А через день родила Соломония мальчика! Сама управилась, боль адову перетерпела, пуповину ножичком острым, (заранее припасла!), перерезала, перевязала, в тряпочки чистые завернула, за собой прибралась, ночи дождалась, тайком из кельи выбежала, выкинула все лишнее. А мальчик-то народился славненький, словно роза свежая, и спокойный такой, как припадет к груди, покормит его Соломония, так и засыпает тут же. Ни плача тебе, ни криков. Только закряхтит немножко, когда аппетит взыграет, мать ему сосок коричневый всунет, а он и зачмокает от удовольствия. Георгием нарекла, все по святкам сосчитала, наизусть помнила, счет вела точь-в-точь. Сама и окрестила. В водичку крестик свой опустила, после обрызгала, маслеца из лампадки капнула, остыть дала и лобик помазала.
Ульяна зашла как-то, малыш спал, Соломония все также на лавке лежала, телом своим прикрывая.
- Ну как ты, сестра София? – поинтересовалась игуменья.
- Слаба еще матушка. – Тихо отвечала ей. – Как встану, так и качает, словно березку тоненькую на ветру. Но лучше, лучше мне. Все благодаря настою, что дала мне сестра Пелагая, дай ей Бог здоровья! – Пузырек под лампадкой стоял, водой чистой наполненный, но наполовину – предусмотрительно.
- Поправляйся сестра! – ушла игуменья, ничего странного не заметив.
Все едино, шила в мешке не утаишь! Долго ли, коротко ли, но почти месяц хранила свою тайну Соломония. Уже сентябрь на дворе стоял. Принесла раз монашка еду ей в келью, а тут возьми малыш и заплачь неурочно. Ахнула черница, да стремглав бежать бросилась за игуменьей. Тут и началось…
Примчалась Ульяна, даже клюку свою впопыхах где-то забыла. Начались ахи-вздохи:
- Ах ти, Господи! Как же так? Как умудрилась-то, сестра? Господи, Святая Богородица, что ж теперь… - игуменья в бессилии сползла по стене на лавку прямо напротив Соломонии. Слышно было, как за дверью сестры напуганные судачат. Выделялся грубоватый голосок Марфы:
- Вот грех-то, вот грех! И что ж с обителью-то нашей ныне сотворят…

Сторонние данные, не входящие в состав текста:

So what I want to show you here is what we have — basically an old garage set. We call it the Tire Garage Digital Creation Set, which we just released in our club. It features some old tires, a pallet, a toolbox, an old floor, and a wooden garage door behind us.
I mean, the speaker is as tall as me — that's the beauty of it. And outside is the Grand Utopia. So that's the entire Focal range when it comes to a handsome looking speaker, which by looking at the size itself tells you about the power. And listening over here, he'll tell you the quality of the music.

- Помилуй Господи! Помилуй Господи! – Кто-то еще жалобно причитал.
Соломония сидела на лавке, поджав ноги и крепко сжимая младенца руками. Всем своим решительным видом бывшая княгиня показывала – никому не отдам! Густые черные брови сошлись над переносицей, волосы рассыпались гривой шелковой, глаза смотрели зло на игуменью.
- Так кто из нас бесплоден? – Спросила грозно Ульяну. – Я или князь ваш Василий? Меня в монастырь, а он новую девку себе завел? Только не будет у него детей с ней! А если и будет… - прищурилась, - то не его они! Немощен князюшка наш! Так и передай карга старая на Москву! Пусть вся Русь знает! Нет силы мужской у Василия! Нет! – Соломония почти сорвалась на крик. Малыш заворочался и заплакал, голосом громким напуганный. Соломония в миг успокоилась, не таясь игуменьи, достала большую белую грудь и дала ему сосок. Ребенок тут же замолчал, и, причмокивая, стал сосать.

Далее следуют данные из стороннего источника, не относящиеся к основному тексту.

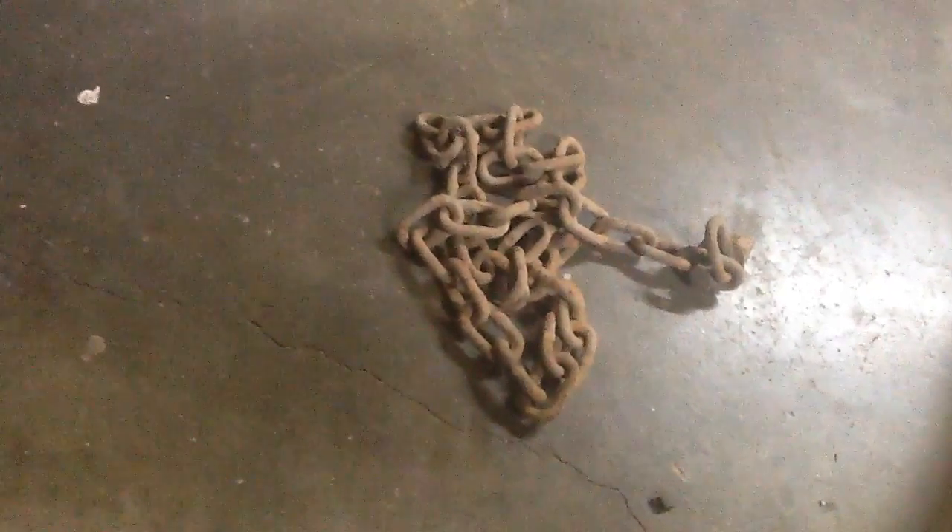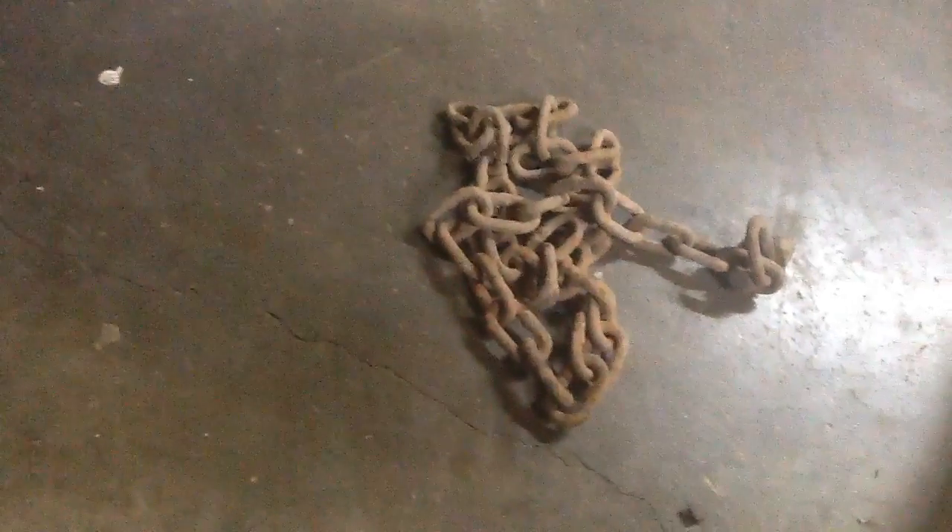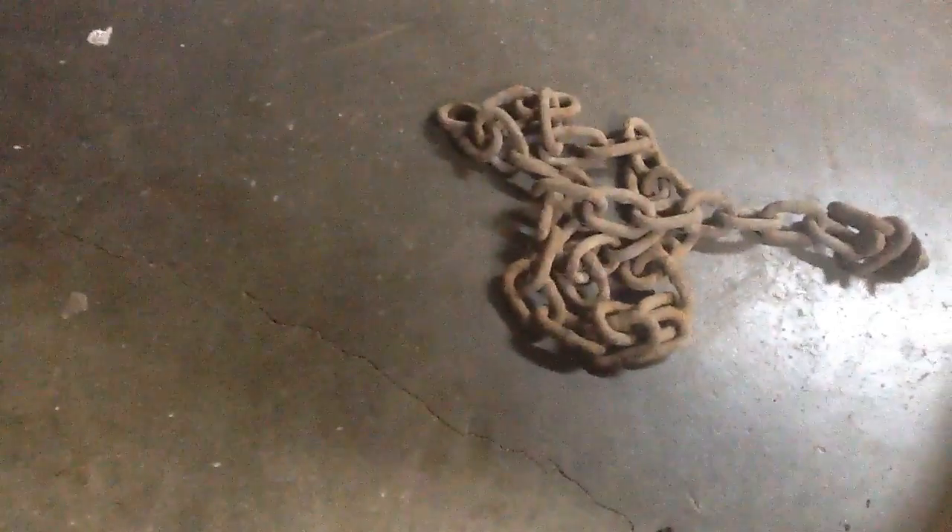Guys, here's part two of the finds. This first thing — my dad thought it was an old chain off one of the gates from the old house site. That's pretty cool; it's actually still in good shape. I don't know what we could use it for, but whatever — get that out of the way.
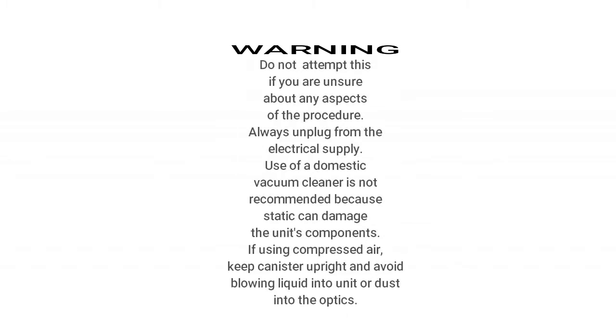This video shows you how to clean an Optima Themescene HD72i or similar projector. Please read the warnings on the screen before starting and don't attempt to repair unless you know you are competent to do so.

- И попробуй что-нибудь сделать нам… - уже тихо, но с угрозой бросила Ульяне. – Вона…, - головой мотнула на дверь, - людей православных сколько… Ныне шила в мешке не утаишь… По всей Руси слух пойдет, коли недоброе умыслите.
И как в былые времена приказала строго:
- Иди отсель, старая! Видеть тебя не желаю! Приказываю тебе, чтоб еду мне приносили не постную, а скоромную. Молока поболе! Мне сына кормить надо! – Посмотрела с нежностью на цветочек свой лазоревый, солнышко ясное, к груди материнской припавшее.